As interesting as I think the Duke is as a character in Measure for Measure, I find his actions at the end of the play deplorable. At the start of the play, I was more or less on his side, believing that his actions (that is, disguising as a friar to “test” Angelo) were for the good of the people; he simply wanted to see “if power change purpose” (I.iv.54). However, in Acts IV and V, as his plans for Claudio and Isabel unfold, it seems the feelings of others are just about the last thing on his mind.
In Act III, the Duke (dressed as a friar), orders the Provost to basically sacrifice the unsuspecting Barnardine. I understand that Barnardine’s fate was already decided, but he is basically using this unsuspecting man as simply a tool in his grand scheme instead of leaving his to die in (somewhat) peace.
Here, the Duke uses his “double life” to his advantage as a form of manipulation. First, he uses words such as “vow,” “by the saint whom I profess,” and “plead,” and makes reference to his religious “coat,” that is, uses his alter ego’s religious power in order to persuade the provost. But when that doesn’t work, he writes a letter from himself (the Duke) especially for the provost, discussing his return and ordering that this execution take place. To further persuade, he claims that this information was not even given to Angelo.
The nature of his manipulation of Isabel is slightly more ambiguous to the readers (or at least to me). In IV.iii, the Duke (still disguised as a friar), deliberately lies to Isabel about her brother’s fate: “But I will keep her ignorant of her good, to make her heavenly comforts of despair when it is least expected” (IV.iii.101-103). According to the Duke, he is doing this for her own good; in the end, he will bring her peace of mind. But first of all, the way he delivers the new is, to me, completely malicious! “He hath released him Isabel, from the world. His head is off and sent to Angelo” (IV.iii.107-108). He deliberately builds her up, implying they released Claudio from prison, and then, after a pause, adds, “from the world.” It was almost as if he wanted her to suffer more. Or is this another test, perhaps of Isabella’s faith? And when she breaks down in front of him, instead of comforting her, the Duke flatly tells her “This nor hurts him, nor profits you” (IV.iii.115). This response is much like what a mother would say when her young child has a tantrum; instead of entertaining the outburst, she would simply respond: “this isn’t doing anyone any good.”

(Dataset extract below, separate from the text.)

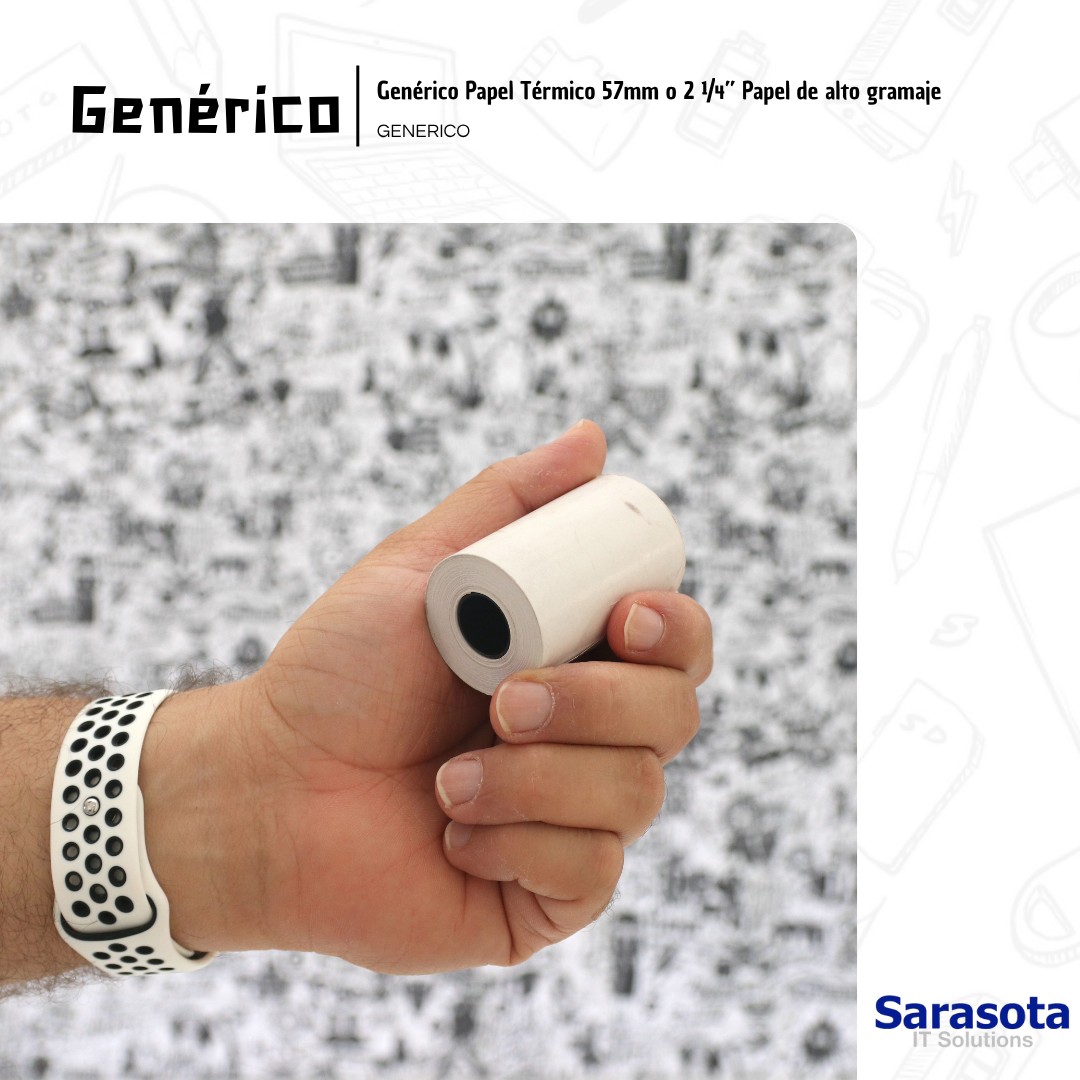 accesorios para electronica - Papel Térmico 57mm o 2 ¼” Papel de alto gramaje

But what are his true motives? As I said before, he claims that withholding the information will bring her peace of mind, but why bother waiting? In my opinion, the text suggests that the Duke is doing this for his own benefit. He tells Isabella:
“The Duke comes home tomorrow – nay, dry your eyes –[…]Already he hath carried/Notice to Escalus and Angelo,/Who do prepare to meet him at the gates,/There to give up their power. If you can pace your wisdom/In that good path that I would wish it go,/And you shall have your bosom on this wretch,/Grace of the Duke, revenges to your heart,/And general honour” (119-128). It seems to me that the Duke is withholding the information until he can be the Duke again, so that he can reveal to her, as himself, the good news; he wants to be the hero. Basically, he is saying, “There, there, Isabella, that super-awesome Duke of ours will solve all your problems.” Moreover, he uses this good news as a platform to propose to Isabella? What a gem!
And does anyone else find it ironic that the Duke is dressed as a friar while “playing God” with these people’s lives?